Handling NULLs with GROUPING()
When using advanced aggregations, NULL values often represent aggregated dimensions, not missing data.
The GROUPING() function identifies such cases.
SELECT
country_name,
region_name,
city_name,
category,
GROUPING(city_name) AS g_city,
GROUPING(category) AS g_category,
SUM(revenue) AS total_revenue
FROM analytics.mv_order_revenue
GROUP BY GROUPING SETS (
(country_name, region_name, city_name, category),
(country_name, region_name),
(category),
()
);GROUPING(col) = 1→ column aggregated away
GROUPING(col) = 0→ actual value
| country_name | region_name | city_name | category | g_city | g_category | total_revenue |
|---|---|---|---|---|---|---|
| Armenia | Lori | Vanadzor | Entertainment | 0 | 0 | 71.91 |
| Georgia | Adjara | Batumi | Cloud | 0 | 0 | 20.93 |
| Armenia | Shirak | Gyumri | Entertainment | 0 | 0 | 23.97 |
| NULL | NULL | NULL | Cloud | 1 | 0 | 107.64 |
| NULL | NULL | NULL | TV | 1 | 0 | 779.54 |
| NULL | NULL | NULL | Entertainment | 1 | 0 | 119.85 |
| NULL | NULL | NULL | Internet | 1 | 0 | 1334.48 |
| NULL | NULL | NULL | Mobile | 1 | 0 | 1004.48 |
| Georgia | Tbilisi | NULL | NULL | 1 | 1 | 461.67 |
| Armenia | Shirak | NULL | NULL | 1 | 1 | 530.66 |
| Armenia | Lori | NULL | NULL | 1 | 1 | 272.76 |
| Armenia | Yerevan | NULL | NULL | 1 | 1 | 1645.17 |
| Georgia | Adjara | NULL | NULL | 1 | 1 | 525.73 |
When to Use GROUPING SETS
- When reporting requirements are specific and selective
- When building dashboards or production reports
- When replacing complex
UNION ALLqueries
If you know exactly what you want, then use GROUPING SETS.

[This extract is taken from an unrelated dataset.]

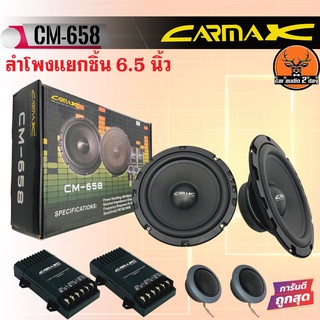 CARMAX-CM658 ลำโพง6.5นิ้ว แยกชิ้น ลำโพงคู่หน้า เสียงดี เบสกระชับ 950บาท 180W มี crossover เครื่องเสียงคุณภาพติดรถยนต์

ROLLUP vs CUBE vs GROUPING SET
| Operator | Best For | Risk |
|---|---|---|
| ROLLUP | Hierarchies | Rigid |
| CUBE | Exploration | Explosion |
| GROUPING SETS | Production | None |
Advanced aggregations exist to replace procedural SQL patterns with declarative intent.
ROLLUPexpresses hierarchy
CUBEexplores dimensions
GROUPING SETSdelivers precision
This concludes the SQL aggregation journey.